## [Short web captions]
++++++++
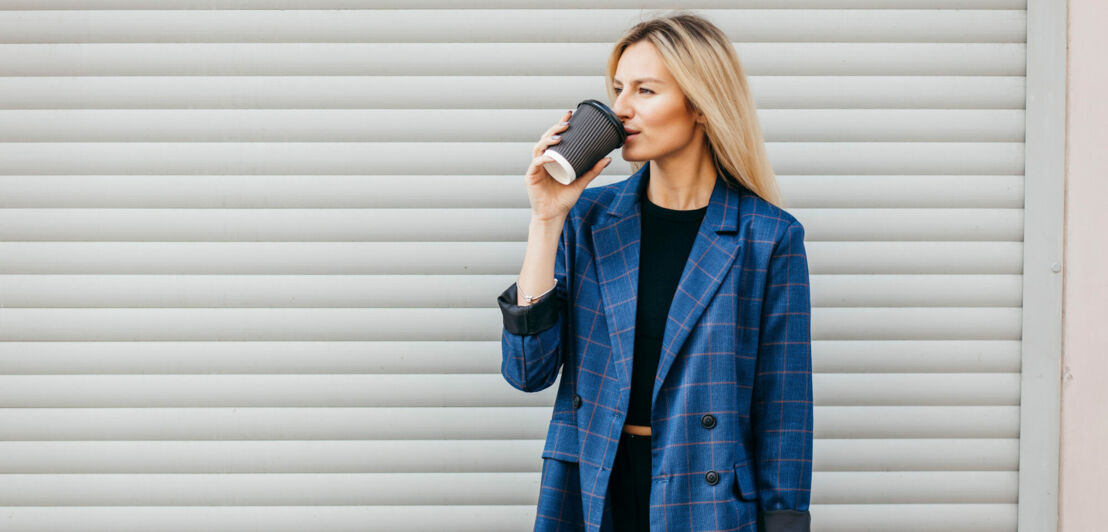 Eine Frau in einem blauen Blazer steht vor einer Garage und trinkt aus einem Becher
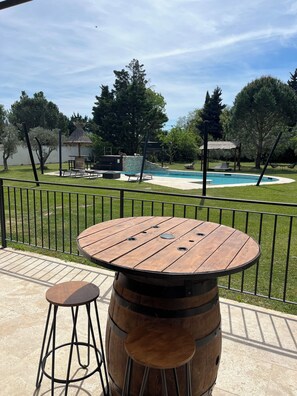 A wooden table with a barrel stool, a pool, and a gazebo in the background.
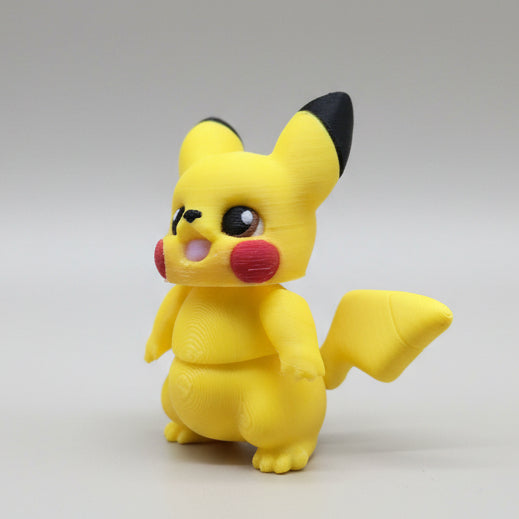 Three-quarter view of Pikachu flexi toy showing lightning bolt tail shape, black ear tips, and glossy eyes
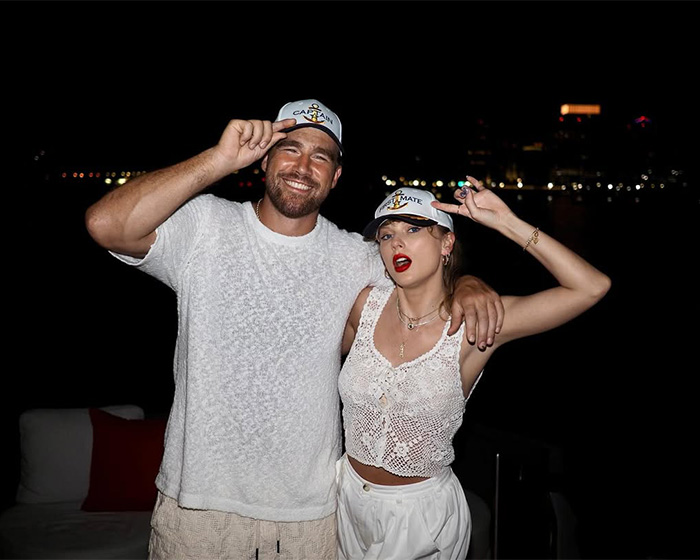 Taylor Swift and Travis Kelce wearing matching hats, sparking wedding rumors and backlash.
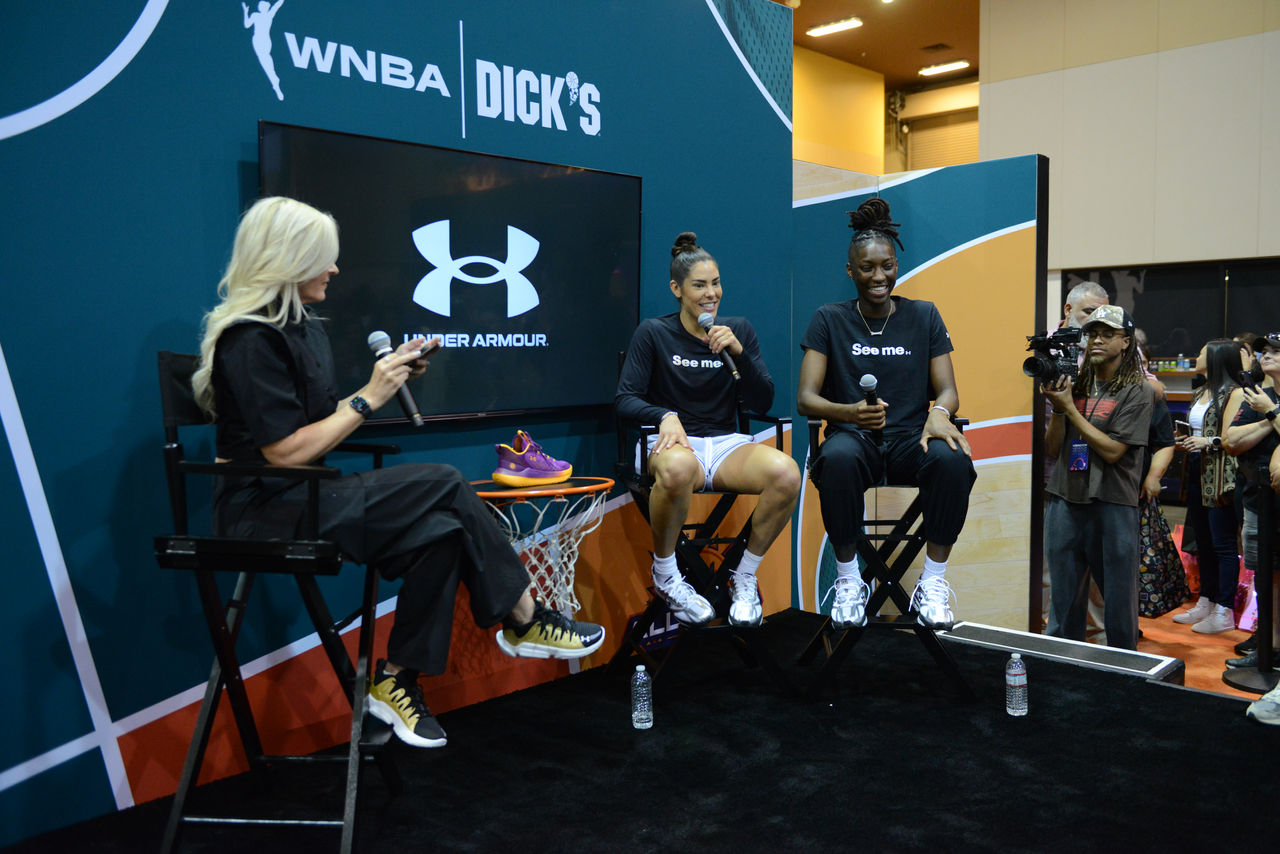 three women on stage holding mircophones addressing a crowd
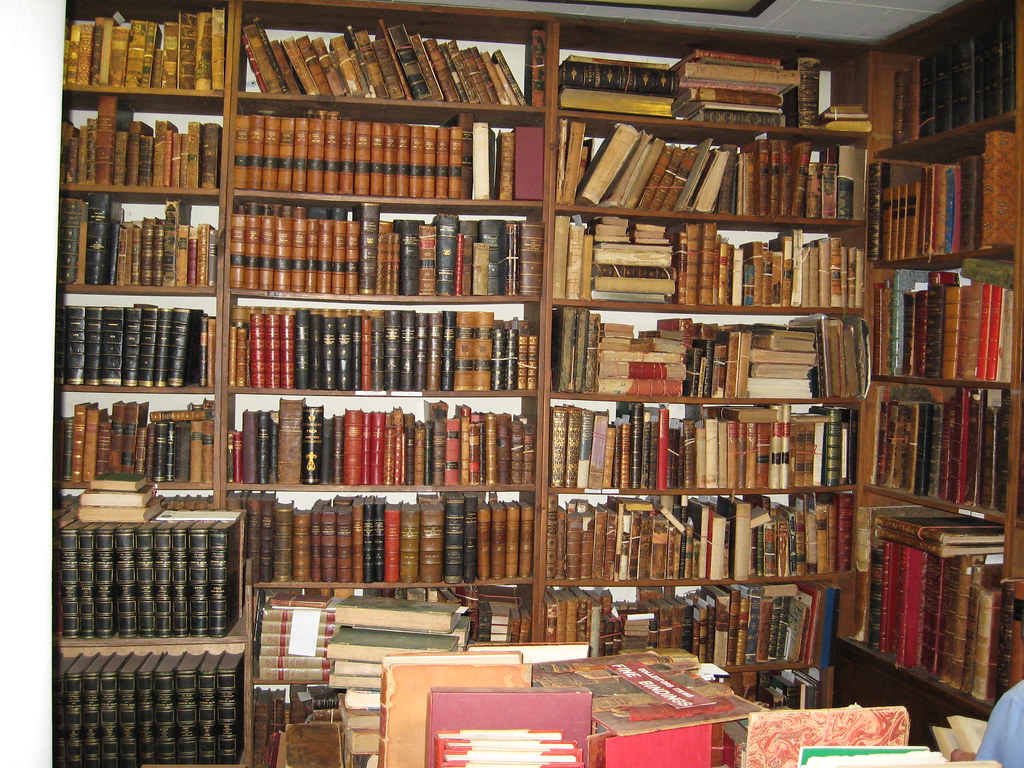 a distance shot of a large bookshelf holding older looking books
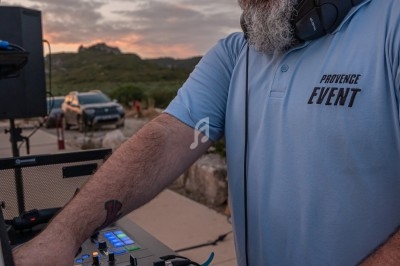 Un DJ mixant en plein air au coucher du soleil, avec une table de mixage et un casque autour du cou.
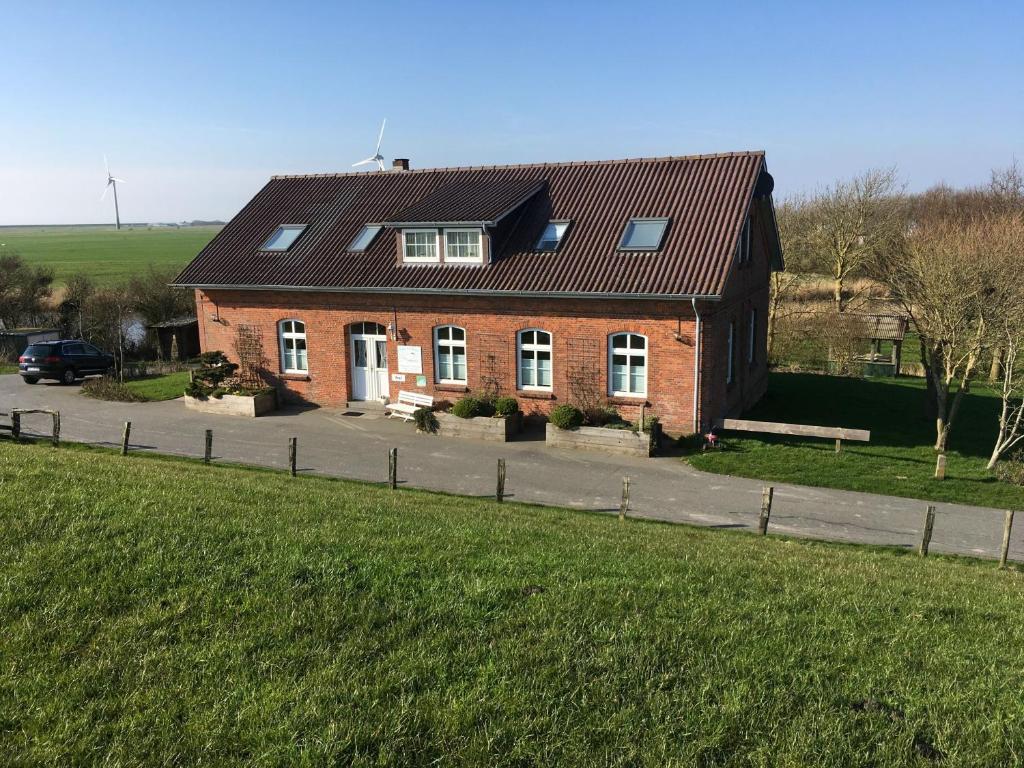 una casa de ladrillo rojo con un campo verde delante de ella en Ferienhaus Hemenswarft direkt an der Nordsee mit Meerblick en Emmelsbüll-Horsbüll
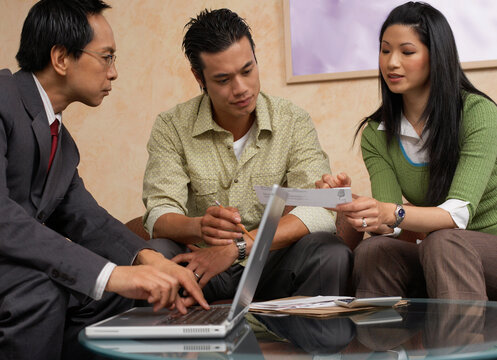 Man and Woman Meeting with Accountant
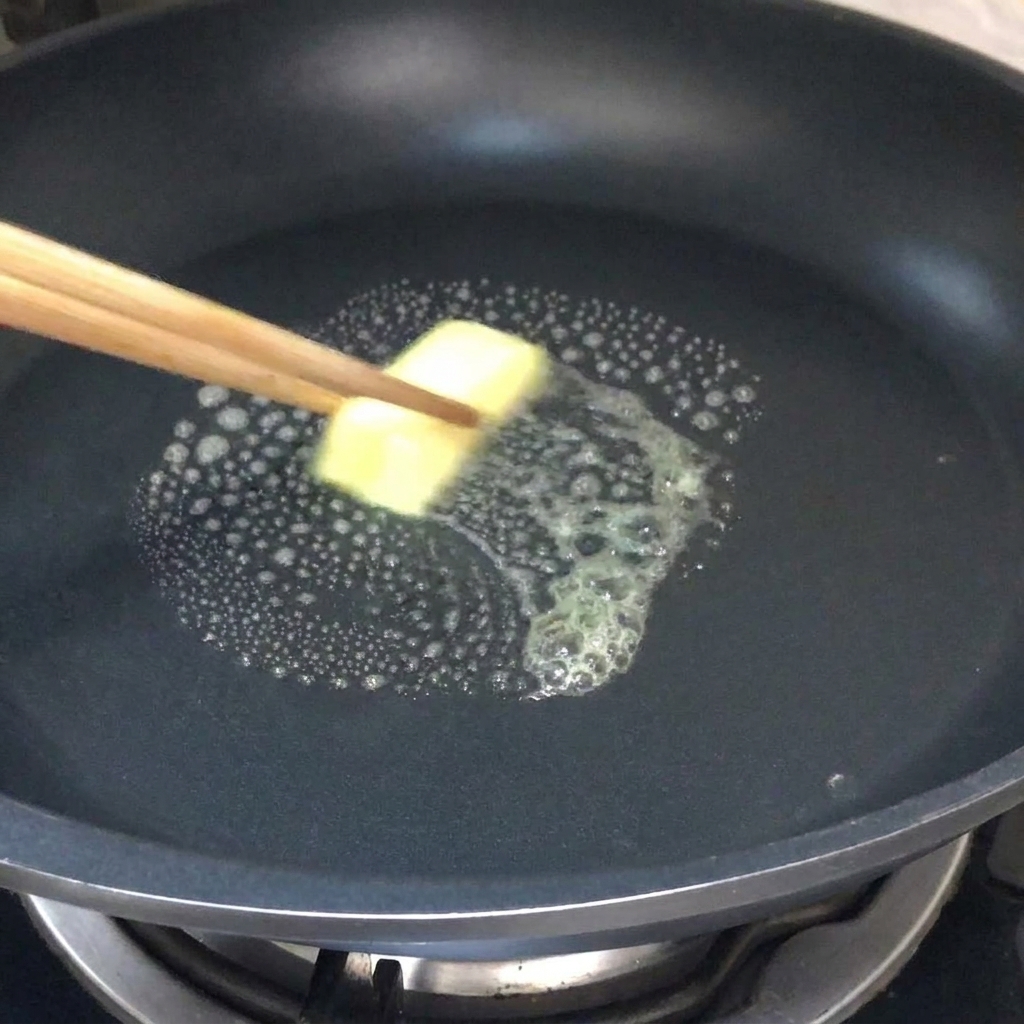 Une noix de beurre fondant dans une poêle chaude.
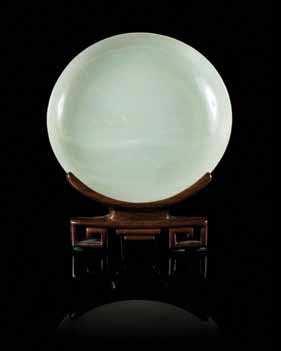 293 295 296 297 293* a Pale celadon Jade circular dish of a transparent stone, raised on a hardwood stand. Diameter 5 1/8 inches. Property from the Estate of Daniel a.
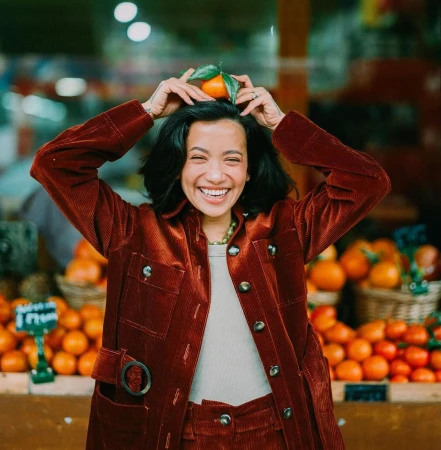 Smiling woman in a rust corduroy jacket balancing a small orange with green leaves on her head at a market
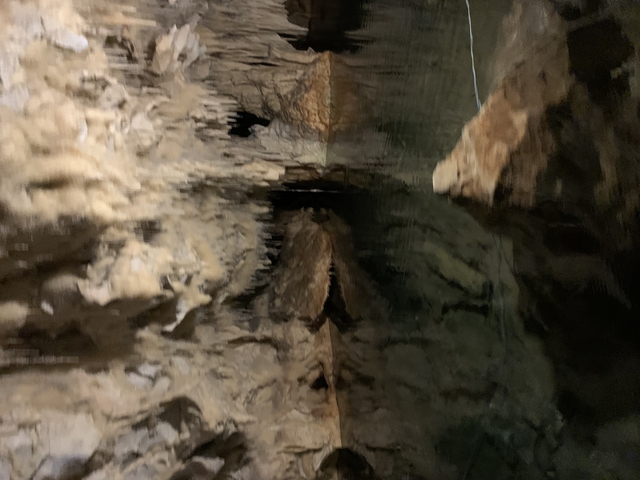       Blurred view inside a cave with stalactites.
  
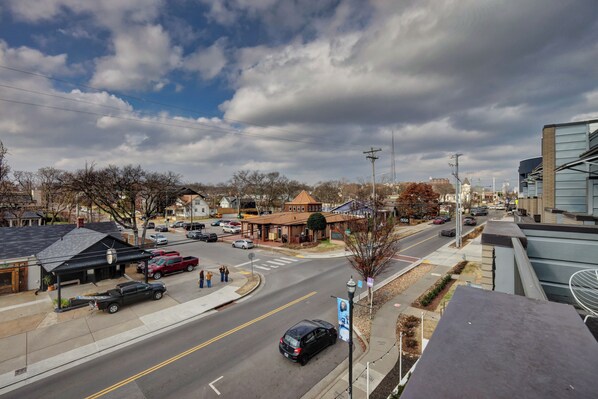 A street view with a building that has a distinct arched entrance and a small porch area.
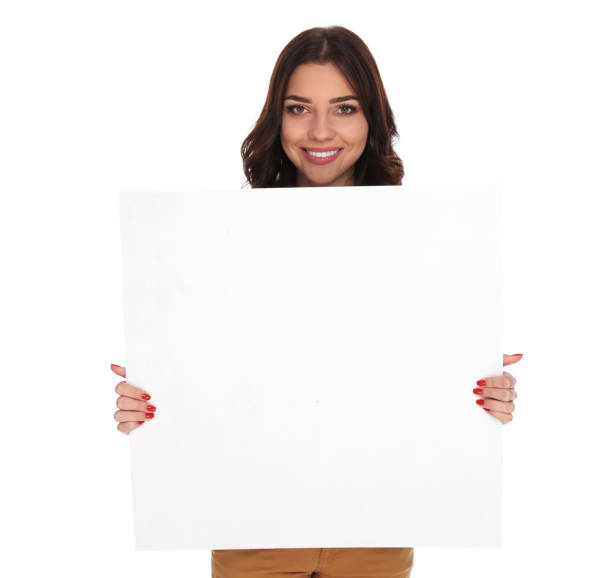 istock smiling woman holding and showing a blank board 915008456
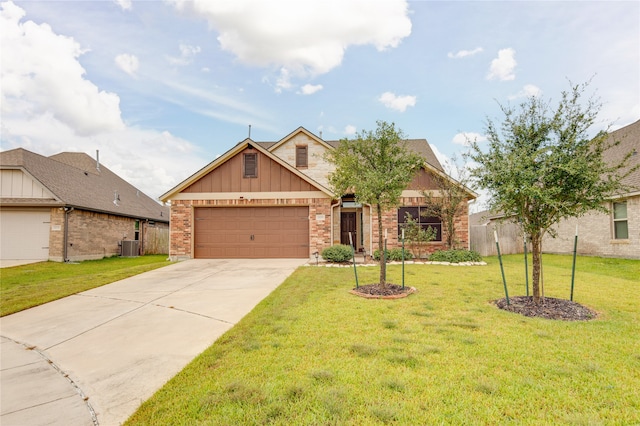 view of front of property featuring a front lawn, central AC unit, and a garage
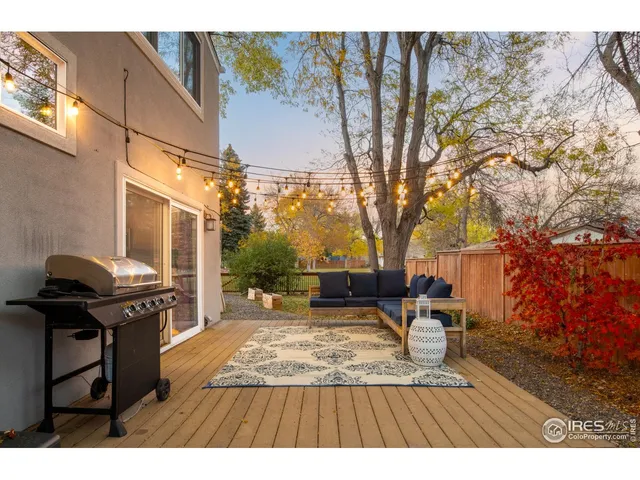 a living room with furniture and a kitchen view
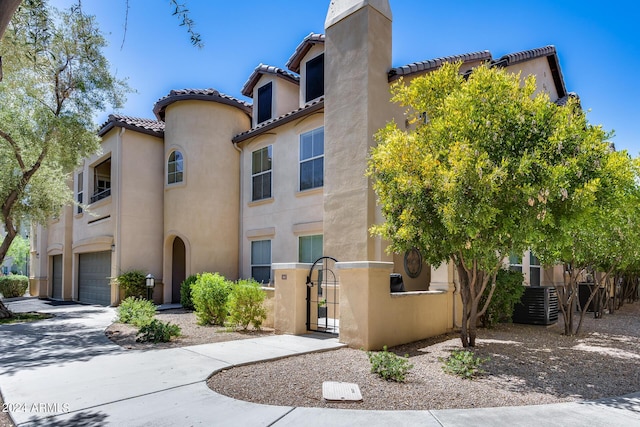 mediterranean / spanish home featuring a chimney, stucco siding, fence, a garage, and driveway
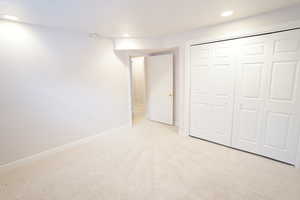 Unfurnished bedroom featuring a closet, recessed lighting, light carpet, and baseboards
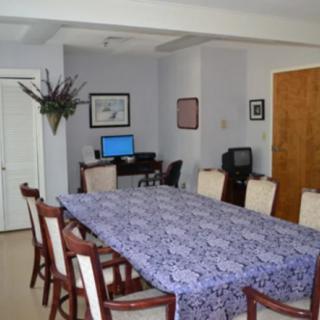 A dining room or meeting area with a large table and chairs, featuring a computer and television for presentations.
++++++++
Produce an exact copy of the lines from the line with "istock smiling woman" through the last line of the data above, both ends included. No pictures belong in it.

 istock smiling woman holding and showing a blank board 915008456
 view of front of property featuring a front lawn, central AC unit, and a garage
 a living room with furniture and a kitchen view
 mediterranean / spanish home featuring a chimney, stucco siding, fence, a garage, and driveway
 Unfurnished bedroom featuring a closet, recessed lighting, light carpet, and baseboards
 A dining room or meeting area with a large table and chairs, featuring a computer and television for presentations.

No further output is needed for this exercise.